Verweerder heeft toegelicht dat de CaCo een taak is binnen de Gemeenschappelijke Meldkamer. De taak was belegd bij de oude korpsfunctie Chef Meldkamer (de huidige LFNP-functie Operationeel Expert Meldkamer). Omdat er onvoldoende Chefs Meldkamer waren werd de CaCo-taak bij besluit van 21 februari 2011 (onder andere) ook bij Hoofdmedewerkers Meldkamer neergelegd. Gedurende de waarneming van de CaCo-taak ontvingen de Hoofdmedewerkers, waartoe eiser ook behoort, een toelage van € 150,- bruto per maand. Deze toelage was tijdelijk tot de plaatsing in de LFNP-functie Senior Meldkamer, omdat de taak vanaf dat moment onderdeel uitmaakt van de functie. Totdat hierover een nader besluit volgt loopt de toelage aan eiser uit coulance nog door.
3.4
De rechtbank kan verweerder hierin volgen.

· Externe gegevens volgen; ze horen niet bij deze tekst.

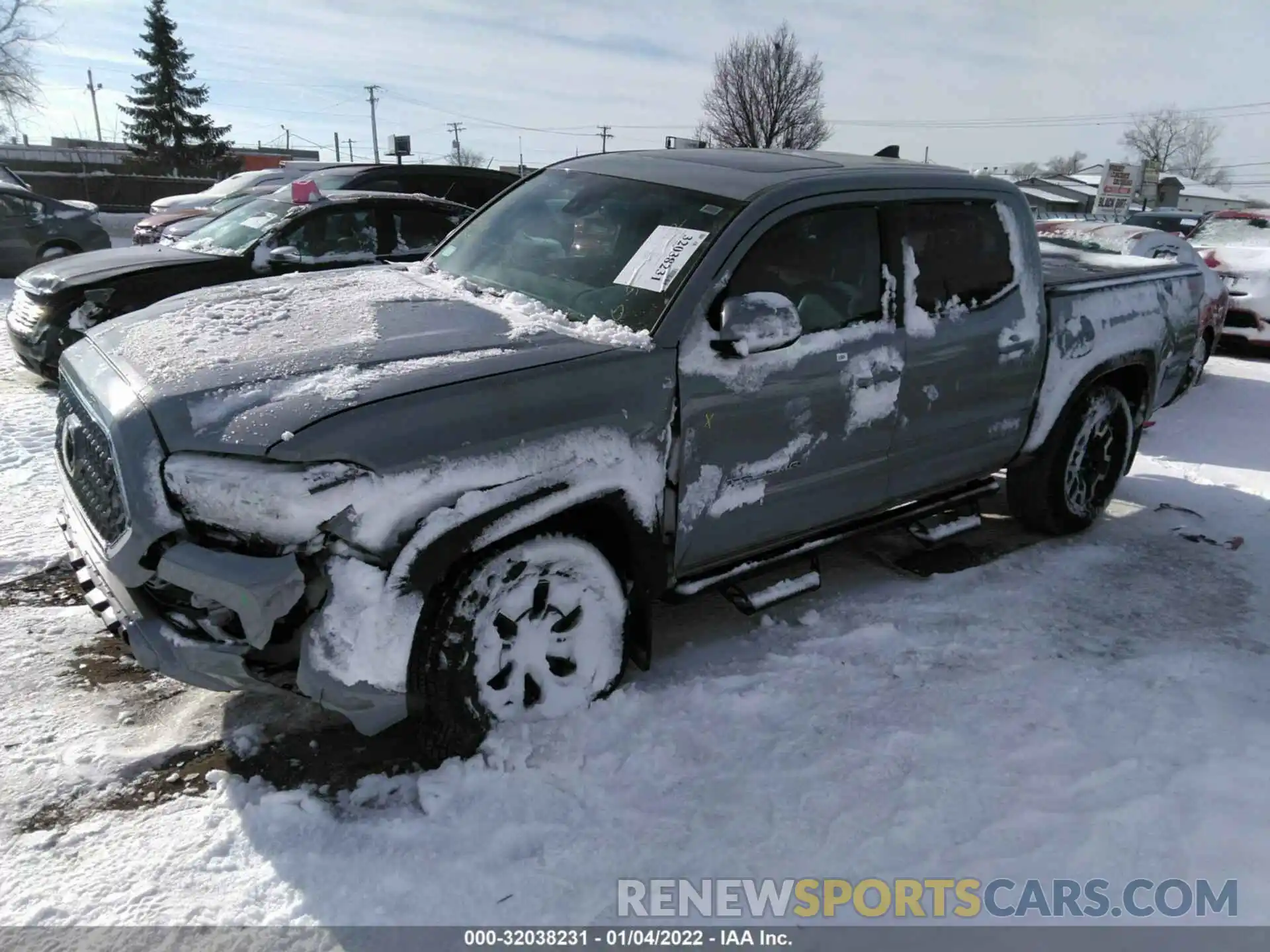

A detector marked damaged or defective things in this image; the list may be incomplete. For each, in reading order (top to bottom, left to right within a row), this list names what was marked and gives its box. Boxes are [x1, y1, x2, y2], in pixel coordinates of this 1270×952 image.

damaged front bumper [58, 500, 406, 736]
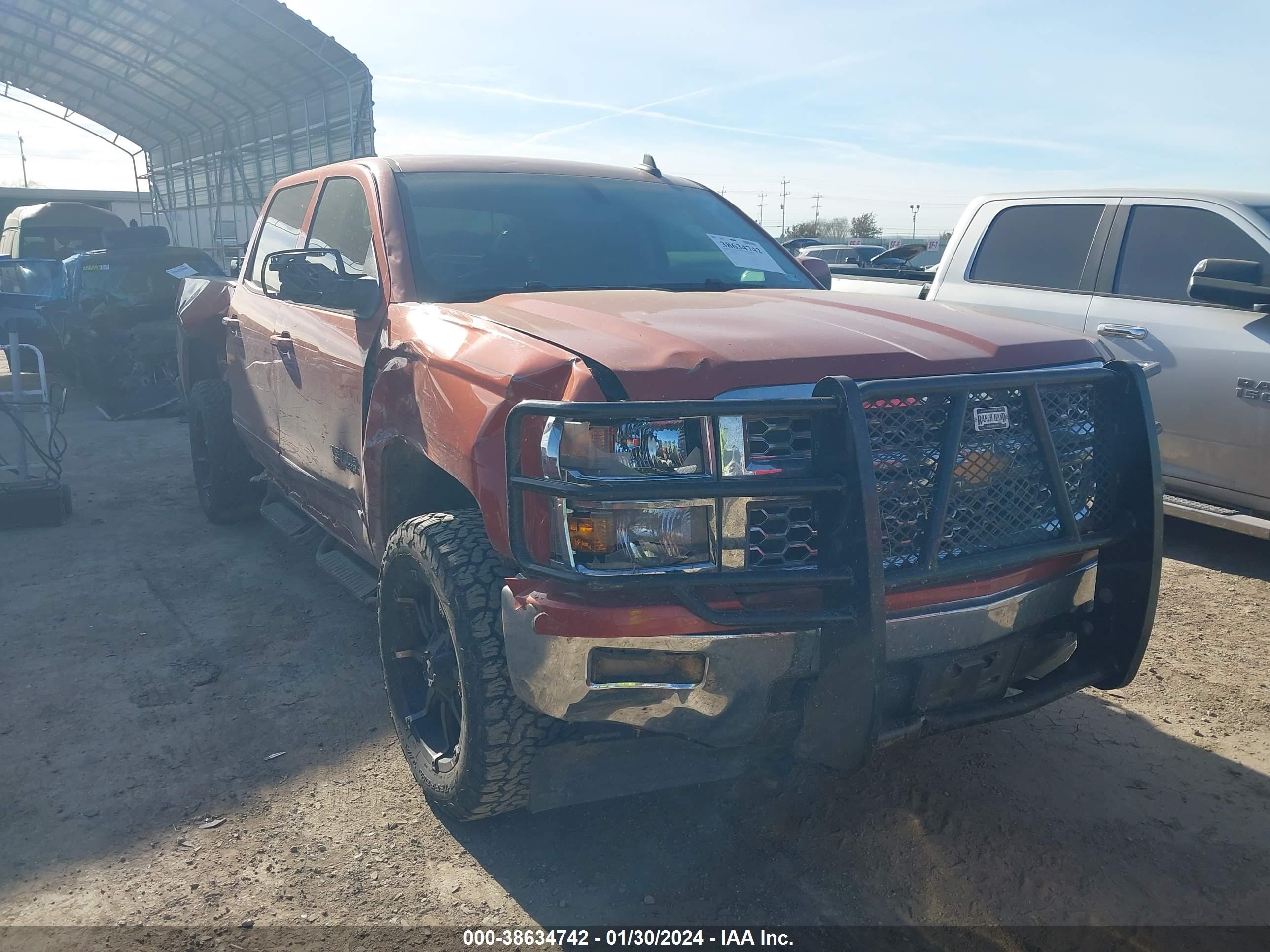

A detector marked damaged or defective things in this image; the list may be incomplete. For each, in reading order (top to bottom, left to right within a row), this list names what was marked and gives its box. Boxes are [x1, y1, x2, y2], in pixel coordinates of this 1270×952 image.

crumpled hood [457, 287, 1102, 398]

Verweerder heeft zich terecht op het standpunt gesteld dat uit hetgeen eiser heeft aangevoerd niet blijkt dat aan hem in de periode dat hij naast zijn formele functie werd ingezet als Caco de niveaubepalende elementen van de functie Operationeel Expert Meldkamer (Chef Meldkamer) in overwegende mate zijn opgedragen. Het gaat daarbij onder meer om - kortweg - organisatorische coördinatie en regiepositie in netwerken waaronder het analyseren en het initiëren van verbeteringen en het geven van adviezen ter verbetering van aanpak van meldkameractiviteiten. Dat, zoals eiser stelt, de werkzaamheden van de CaCo niet overeen komen met het gestelde in de takenmatrix van de Senior Meldkamer dient thans buiten beschouwing te blijven. Immers, de inhoud van deze functie is in het kader van deze procedure een gegeven.
5. Gelet op het voorgaande heeft verweerder het verzoek van eiser tot plaatsing in de functie Operationeel Expert Meldkamer op goede gronden afgewezen.
6. Het beroep is ongegrond.
7. Voor een proceskostenveroordeling bestaat geen aanleiding.

Beslissing

De rechtbank verklaart het beroep ongegrond.
Deze uitspraak is gedaan door mr. I.M. Ludwig, voorzitter, en mr. M. Munsterman en mr. Y.E. Schuurmans, leden, in aanwezigheid van mr. E. Naaijen-van Kleunen, griffier.
De beslissing is in het openbaar uitgesproken op 14 november 2017, en is bij afwezigheid van de voorzitter getekend door mr. M. Munsterman.
griffier voorzitter
Afschrift verzonden aan partijen op:

Rechtsmiddel

Tegen deze uitspraak kan binnen zes weken na de dag van verzending daarvan hoger beroep worden ingesteld bij de Centrale Raad van Beroep.